If you’d like to learn more about their XMPP solution, the slides are available from the OSCON website. I do think there is a lot to be learned from using different interaction styles and true stream-oriented protocols (the kind that don’t care about lost packets), but this FriendFeed example is ridiculous. It took me less than 30 seconds to design a better solution using nothing more than HTTP, and that while sitting in the middle of a conference session. This is exactly what Dare means by: “If a service doesn’t scale it is more likely due to bad design than to technology choice.”
They are comparing the efficiency of blind polling using HTTP crawls to a coordinated PubSub services setup with XMPP. Spidering an entire site is obviously not going to be efficient if you are only interested in what has changed. One advantage it has is that you don’t need to cooperate with the information provider. However, for the specific example of FriendFeed polling Flickr, cooperation is easy (both companies gain immensely by cooperating) and essential (2.9 million requests per day will get you blocked from any site that doesn’t want cooperation).
The solution, which I mentioned briefly at the talk, is to provide a resource that reflects all of the changes on Flickr during a given time period. Anyone (not just FriendFeed) can perform a GET on that resource to find out what has changed. In fact, one such example is the SUP (Simple Update Protocol) just introduced by FriendFeed. However, I had something more efficient in mind.
Web architects must understand that resources are just consistent mappings from an identifier to some set of views on server-side state. If one view doesn’t suit your needs, then feel free to create a different resource that provides a better view (for any definition of “better”). These views need not have anything to do with how the information is stored on the server, or even what kind of state it ultimately reflects. It just needs to be understandable (and actionable) by the recipient.
In this case, we want to represent the last-updated state of all Flickr users in a way that minimizes the lag between event and notification (let’s just assume that one minute is “fast enough” to receive a change notification).

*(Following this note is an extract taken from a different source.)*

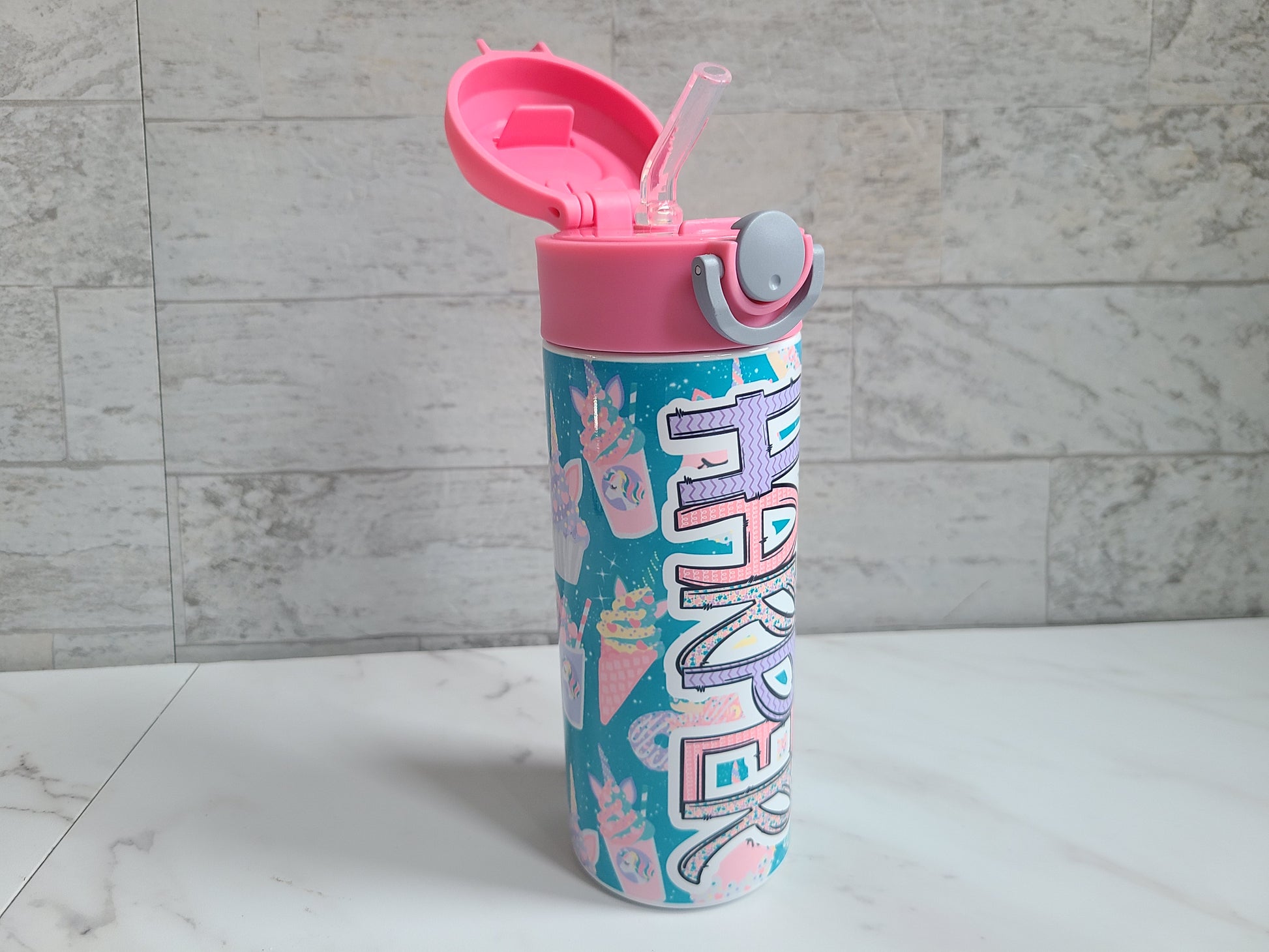 12 oz water bottle with pink lid that has a built-in straw, locking push button and handle. This design features pastel unicorn cupcakes and ice cream cones. Personalized in coordinating colors. Lid is popped open easily to show the silicone straw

The simplest way of doing that is to log state changes by userid in a sequence of journal-style resources named according to the server’s UTC clock minutes. For example,
http://example.com/_2008/09/03/0000 http://example.com/_2008/09/03/0001 http://example.com/_2008/09/03/0002 ... http://example.com/_2008/09/03/2359
This URI pattern instantly drops the poll count from 2.9 million to 1440 (the number of minutes in a day) plus whatever pages are retrieved after we notice a user has changed their state. Alternatively, we could define a single append-only resource per day and use partial GET requests to retrieve only the bits since the last poll, but that tends to be harder on the server. Representations for the above resources can be generated by non-critical processes, cached, and even served from a separate distribution channel (like SUP).
What, then, should we include in the representation? Well, a simple list of relative URIs is good enough if the pattern is public, but that would be unwise for a site that features limited publication (obscured identifiers so that only people who have been given the URI can find the updated pictures). Likewise, the list might become unwieldy during event storms, when many users happen to publish at once. Of course, like any good CS problem, we can solve that with another layer of indirection.
Instead of a list of changed user ids or URIs, we can represent the state as a sparse bit array corresponding to all of Flickr’s users. I don’t know exactly how many users there are at Flickr, but let’s be generous and estimate it at one million. One million bits seems like a lot, but it is only 122kB in an uncompressed array. Considering that this array will only contain 1s when an update has occurred within the last minute, my guess is that it would average under 1kB per representation.
I can just imagine people reading “sparse bit array” and thinking that I must be talking about some optimal data structure that only chief scientists would think to use on the Web. I’m not. Any black-and-white GIF or PNG image is just a sparse bit array, and they have the nice side-effect of being easy to visualize. We can define our representation of 1 million Flickr users to be a 1000×1000 pixel black-and-white image and use existing tools for its generation (again, something that is easily done outside the critical path by separate programs observing the logs of changes within Flickr). I am quite certain that a site like Flickr can deliver 1kB images all day without impacting their scalability.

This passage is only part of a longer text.